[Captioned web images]
- Opening Delimiter -

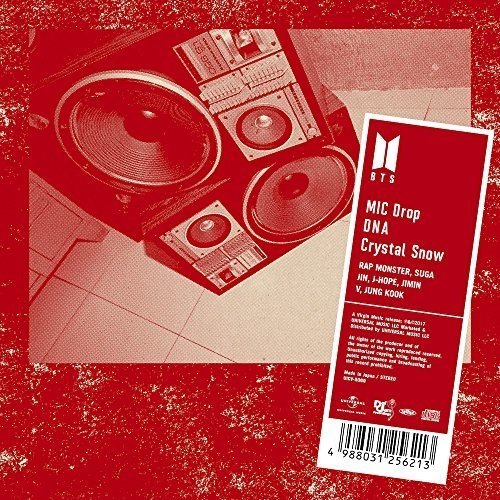 CD Shop - BTS MIC DROP/DNA/CRYSTAL SNOW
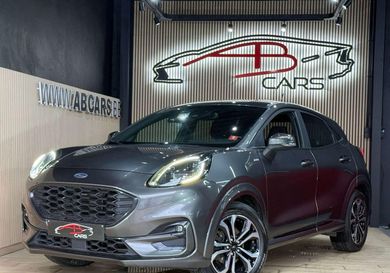 Ford Puma, 2020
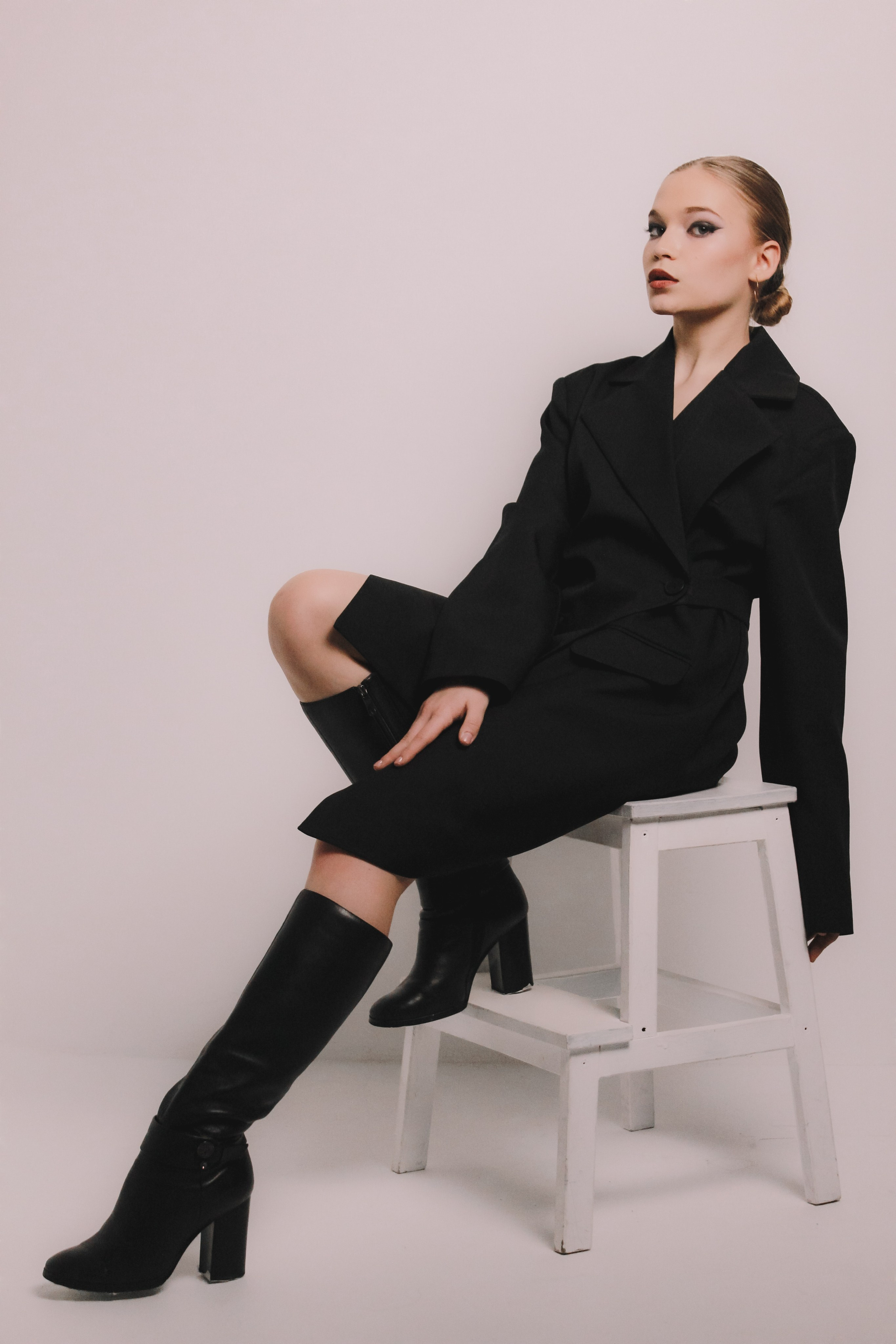 Виолетта. Лиза Рязанцева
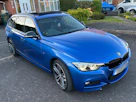 BMW 330D xDrive M Sport Shadow ED A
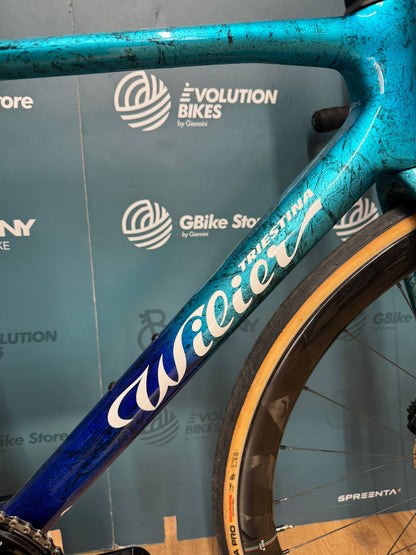 Wilier 0 SLR Dura-Ace 9270 12V Größe M - Gebraucht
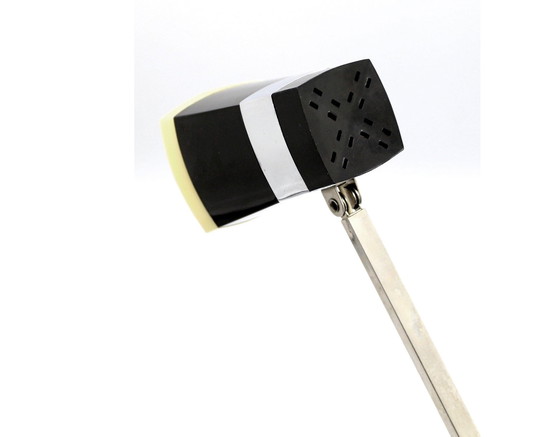 Image 1 of Vintage telescopische lamp - Iris Tl-84 - Tada Kiko - Japan - Ruimtetijdperk - 1960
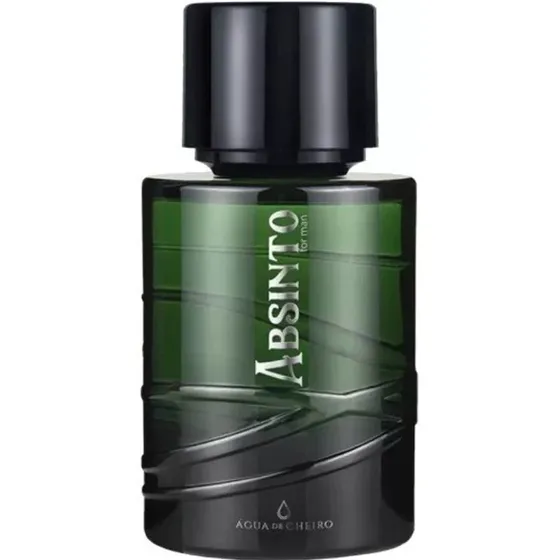 Perfume Absinto For Man Água De Cheiro 100ml Deo Colônia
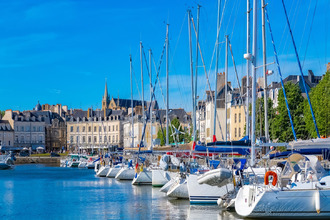 Ma-Cabane - Vente Appartement VANNES, 135 m²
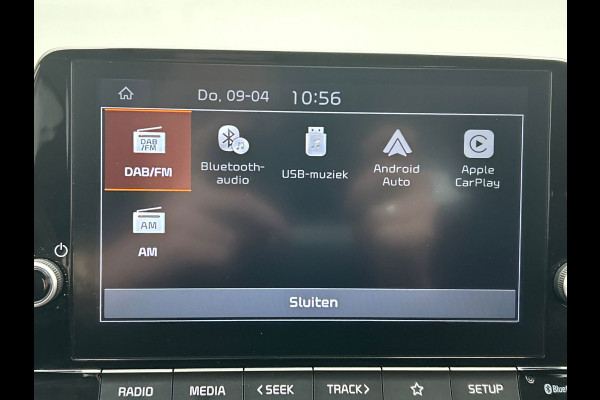Kia Picanto 1.0 DPi DynamicLine | Origineel Nederlands | Carplay | Camera | Airco | Cruise control | Lichtmetaal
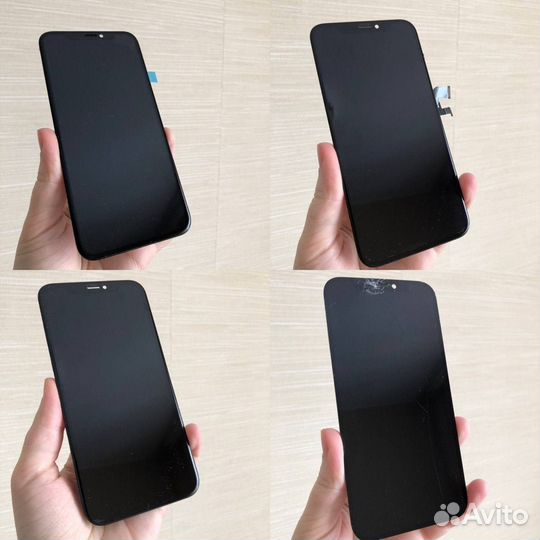 Дисплей iPhone 12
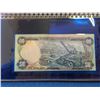 Image 6 : Bank of Jamaica set of 4 match set  banknote, series 1976, limited edition 5000.
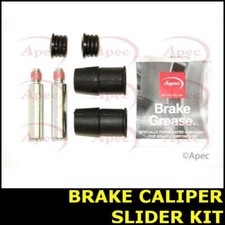 Brake Caliper Slider Fitting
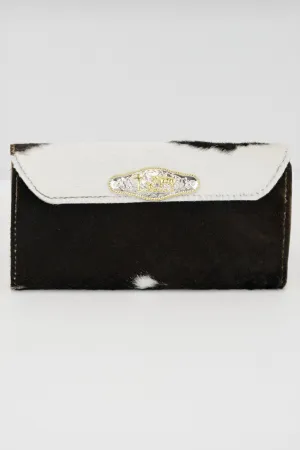 Hank's Stitch Work's Leather Clutches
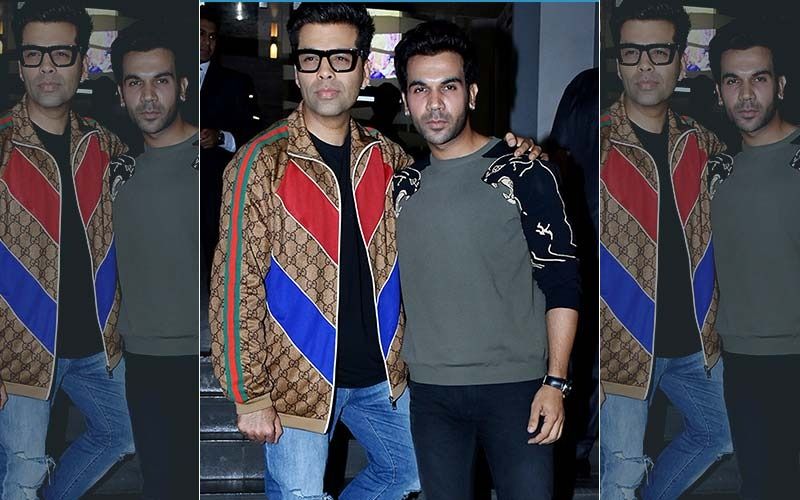 Rajkummar Rao Turns Down An Offer To Star In Dostana 2? Find Out The Truth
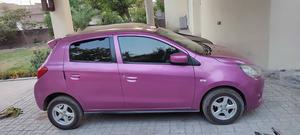 Mitsubishi Mirage 1.0 G 2012 for Sale in Sialkot
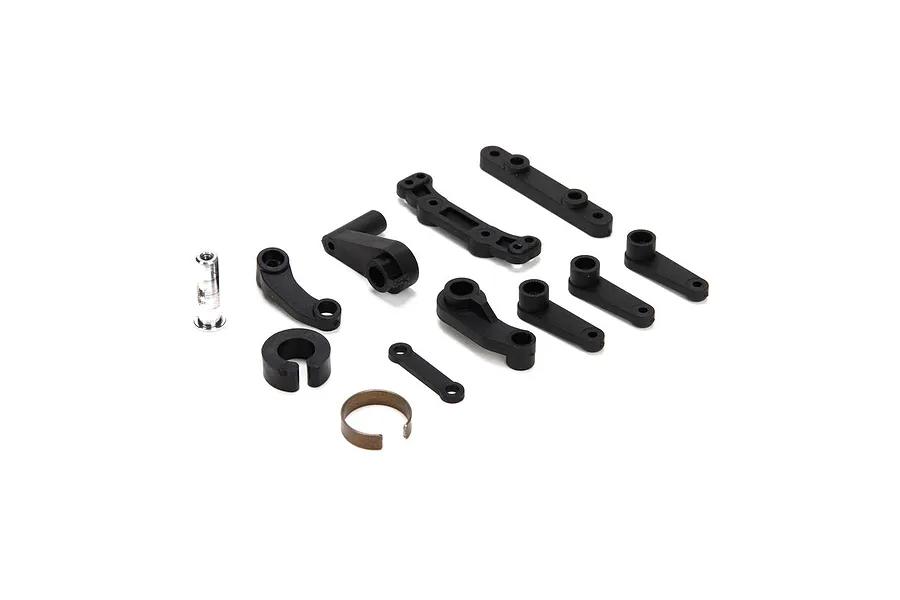 ECX 1/10 2WD Servo Saver Set image 47478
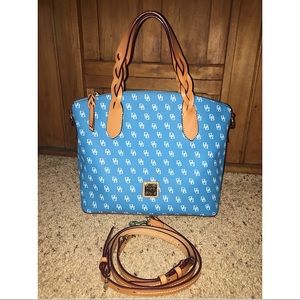 Dooney & Bourke Blakely Celeste Satchel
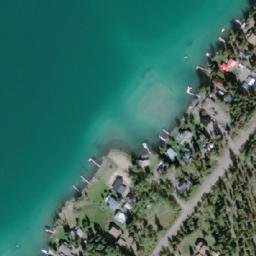 Satellite imagery of Mount Jack, CA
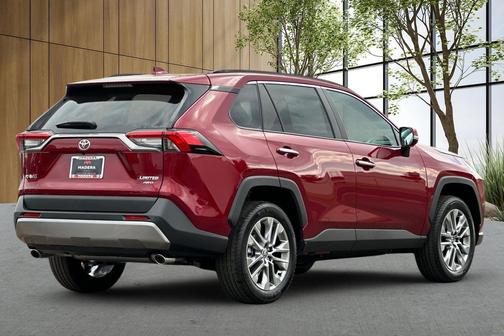 2025 Toyota RAV4 Limited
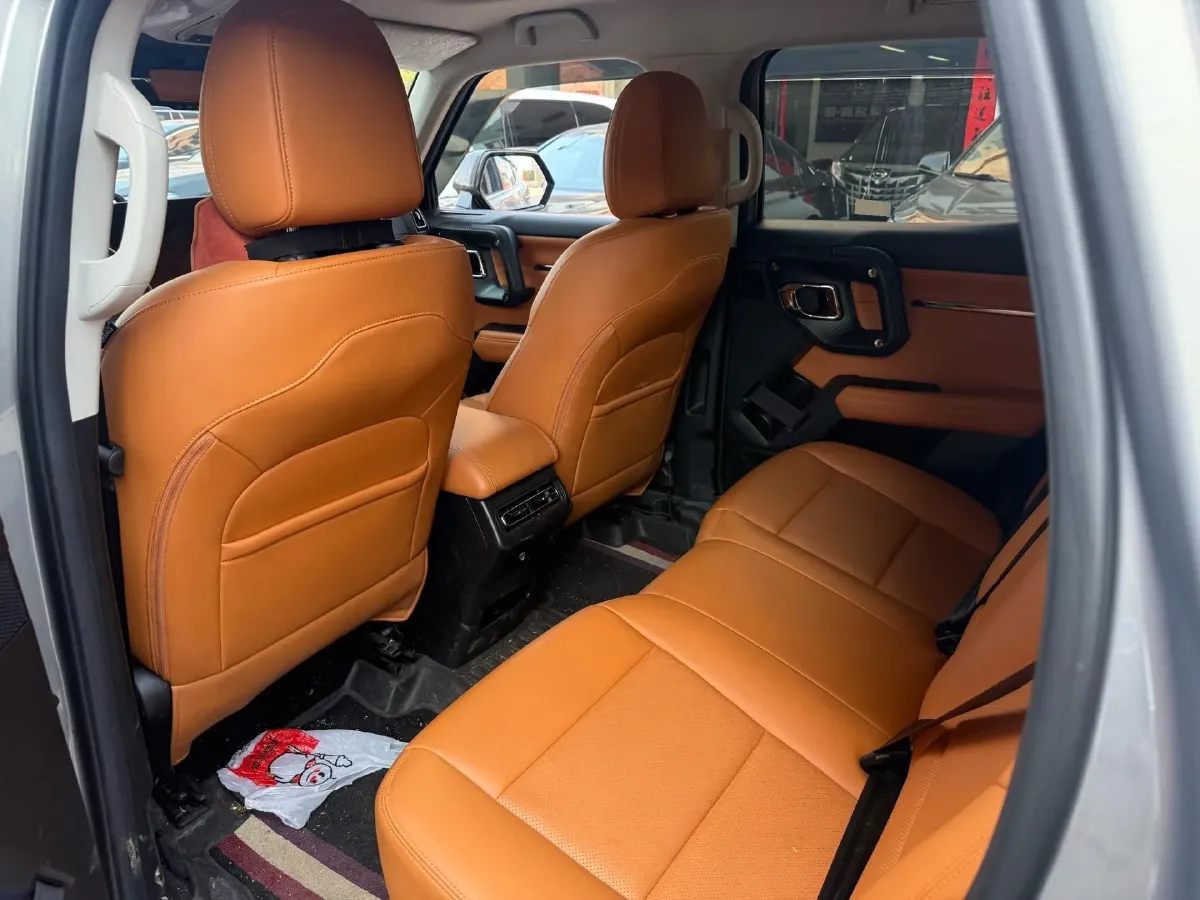 2023 Haval Dargo PLUS 2.0T 238HP L4 9DCT,autocango,china used car exporter,china ev exporter,chinese used car exporter,chinese used ev exporter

- Closing Delimiter -

* WHAT TO DO: Repeat the lines above exactly, beginning with the one containing "Ford Puma, 2020" and finishing with the one containing "Dooney & Bourke Blakely Celeste Satchel". No pictures belong in the copy.

* ANSWER BOX:
 Ford Puma, 2020
 Виолетта. Лиза Рязанцева
 BMW 330D xDrive M Sport Shadow ED A
 Wilier 0 SLR Dura-Ace 9270 12V Größe M - Gebraucht
 Image 1 of Vintage telescopische lamp - Iris Tl-84 - Tada Kiko - Japan - Ruimtetijdperk - 1960
 Perfume Absinto For Man Água De Cheiro 100ml Deo Colônia
 Ma-Cabane - Vente Appartement VANNES, 135 m²
Kia Picanto 1.0 DPi DynamicLine | Origineel Nederlands | Carplay | Camera | Airco | Cruise control | Lichtmetaal
 Дисплей iPhone 12
 Image 6 : Bank of Jamaica set of 4 match set  banknote, series 1976, limited edition 5000.
 Brake Caliper Slider Fitting
 Hank's Stitch Work's Leather Clutches
 Rajkummar Rao Turns Down An Offer To Star In Dostana 2? Find Out The Truth
 Mitsubishi Mirage 1.0 G 2012 for Sale in Sialkot
 ECX 1/10 2WD Servo Saver Set image 47478
 Dooney & Bourke Blakely Celeste Satchel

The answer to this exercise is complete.